VALÈNCIA. Hay pocas interpretaciones deportivas sobre el domingo en Elche y muchas sobre la sociedad que fue a Elche. Un síntoma.
Jugaba un equipo sin margen frente a un equipo desahuciado. El equipo sin margen se blinda para no correr riesgos y acaba ganando por inercia. Una bola de partido salvada. La constatación de que el grupo de Baraja está repleto de problemas y fisuras, pero no se le percibe el rigor mortis. La escenificación de lo que sucedió alrededor de Elche sí tiene connotaciones más poderosas. El valencianismo decidió que, a falta de finales, simbolizaría la suya misma. Solo faltó una fanzone y algún speaker pasado de rosca.

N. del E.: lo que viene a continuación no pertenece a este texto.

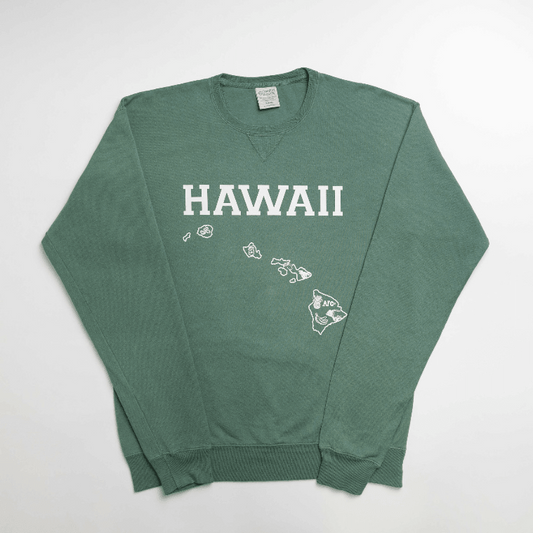 State Agriculture Green Crewneck (Hawaii) - American Farm Company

Se hicieron notar algunos comentarios anonadados porque justo en el día en que el Valencia se jugaba parte de su existencia, grupos de autobuses iban cargados de utilería amarilla contra Lim. Como si a estas alturas animar al club y protestar contra su propiedad no fueran exactamente la misma cosa.
En una final se concentra la meteorología de un club. Por eso se vio a una militancia capaz de ver llover en la sequía más pertinaz. No era un milagro. De manera innata (el valencianismo siempre tiende al progreso, lo cual a veces conduce a atolladeros imposibles) el público eligió estar en la tesis de que la única alternativa pasa por evitar el colapso, frente al 'cuanto peor, mejor'.
No hay nada de épica en ello, es pragmatismo. Abandonar a su suerte a un grupo de temporeros, para con ello lanzar un mensaje a la propiedad, se antoja suicida, y también inservible.
Es la oportunidad histórica del valencianismo para presentarse como una sociedad que (cargada de errores, traumas y culpas) en el momento decisivo eligió bien: decidió estar a favor y en contra al mismo tiempo. A favor de su club, en contra de quienes lo someten. Lo normal.